• **WORK TO COMPLETE**: Take the data below and extract the lines from the one with "Electric Without Indicator" to the one with "El equipo de", inclusive, exactly as written.
___ EXCERPTED DATA ___
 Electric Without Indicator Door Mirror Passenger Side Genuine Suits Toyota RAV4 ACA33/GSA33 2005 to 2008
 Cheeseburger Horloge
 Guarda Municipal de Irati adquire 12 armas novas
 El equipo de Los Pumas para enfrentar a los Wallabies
___
___ EXCERPTED DATA ___
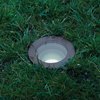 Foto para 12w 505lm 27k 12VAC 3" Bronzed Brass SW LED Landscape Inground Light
___
• **RESPONSE TO THE EXERCISE**:
 Electric Without Indicator Door Mirror Passenger Side Genuine Suits Toyota RAV4 ACA33/GSA33 2005 to 2008
 Cheeseburger Horloge
 Guarda Municipal de Irati adquire 12 armas novas
 El equipo de Los Pumas para enfrentar a los Wallabies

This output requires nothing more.